Task Node:- This is also a slave node but it only “run tasks”. It doesn’t store any data. It’s an optional node.
Cluster Types
EMR has two type of clusters
1) Transient :- These are clusters which are shutdown once the jobs is done. These are useful when you don’t need cluster to be running all day long and can save money by shutting them down.
2) Persistent :- Persistent clusters are those which need to be always available to process the continuous stream of jobs or you want the data to be always available on HDFS.
Different Cluster States
An EMR cluster goes through multiple stages as described below:-
STARTING – The cluster provisions, starts, and configures EC2 instances.
BOOTSTRAPPING – Bootstrap actions are being executed on the cluster.
RUNNING – A step for the cluster is currently being run.
WAITING – The cluster is currently active, but has no steps to run.
TERMINATING – The cluster is in the process of shutting down.
TERMINATED – The cluster was shut down without error.
TERMINATED_WITH_ERRORS – The cluster was shut down with errors.

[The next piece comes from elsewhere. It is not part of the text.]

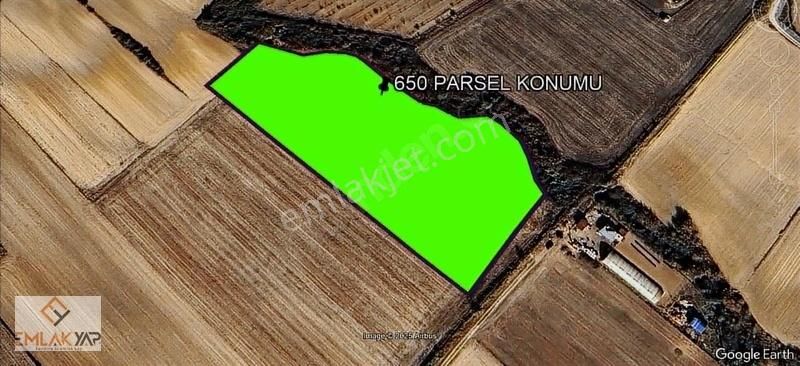 Emlakyaptan Kırklareli Kavaklı'da 12.650 M2 Satılık Fırsat Tarla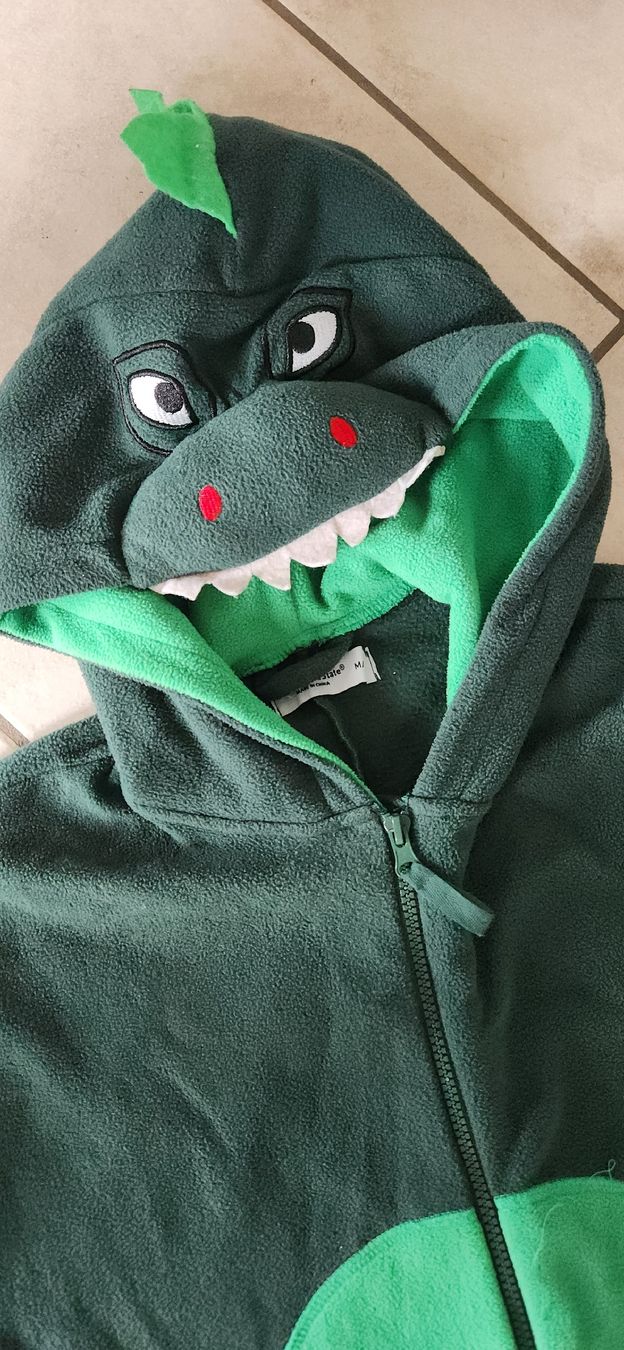 Costumi: Dino- Kostüm – Usato da Lyss venduto da Urma5 1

Types of filesystem in EMR
Hadoop Distributed File System (HDFS)
Hadoop Distributed File System (HDFS) is a distributed, scalable file system for Hadoop. HDFS distributes the data it stores across instances in the cluster, storing multiple copies of data on different instances to ensure that no data is lost if an individual instance fails. HDFS is ephemeral storage that is reclaimed when you terminate a cluster.
EMR File System (EMRFS)
Using the EMR File System (EMRFS), Amazon EMR extends Hadoop to add the ability to directly access data stored in Amazon S3 as if it were a file system like HDFS. You can use either HDFS or Amazon S3 as the file system in your cluster. Most often, Amazon S3 is used to store input and output data and intermediate results are stored in HDFS.
Local File System
The local file system refers to a locally connected disk. When you create a Hadoop cluster, each node is created from an Amazon EC2 instance that comes with a preconfigured block of preattached disk storage called an instance store. Data on instance store volumes persists only during the lifecycle of its Amazon EC2 instance.
Programming languages supported by EMR
  • Perl
  • Python
  • Ruby
  • C++
  • PHP
  • R
EMR Security
  • EMR integrates with IAM to manage permissions.
  • EMR has Master and Slave security groups for nodes to control the traffic access.
  • EMR supports S3 server-side and client-side encryption with EMRFS.
  • You can launch EMR clusters in your VPC to make it more secure.
  • EMR integrates with CloudTrail so you will have log of all activites done on cluster.
  • You can login via ssh to EMR cluster nodes using EC2 Key Pairs.
EMR Management Interfaces
  • Console :-  You can manage your EMR clusters from AWS EMR Console .
  • AWS CLI :-  Command line provides you a rich way of controlling the EMR. Refer here the EMR CLI .
  • Software Development Kits (SDKs) :- SDKs provide functions that call Amazon EMR to create and manage clusters. It’s currently available only for the supported languages mentioned above. You can check here some sample code and libraries.
  • Web Service API :- You can use this interface to call the Web Service directly using JSON. You can get more information from API reference Guide .
EMR Billing
  • You pay for EC2 instances used in cluster and EMR.
  • You are charged for per instance hours.
  • EMR supports  On-Demand, Spot, and Reserved Instances
  • As a cost saving measure it is recommenced that task nodes should be Spot instances
  • It’s not a good idea to use spot instances for Master or Core Node as they store data on them. And you will lose data once the node is terminated.
If you want to try some EMR hands on refer this tutorial.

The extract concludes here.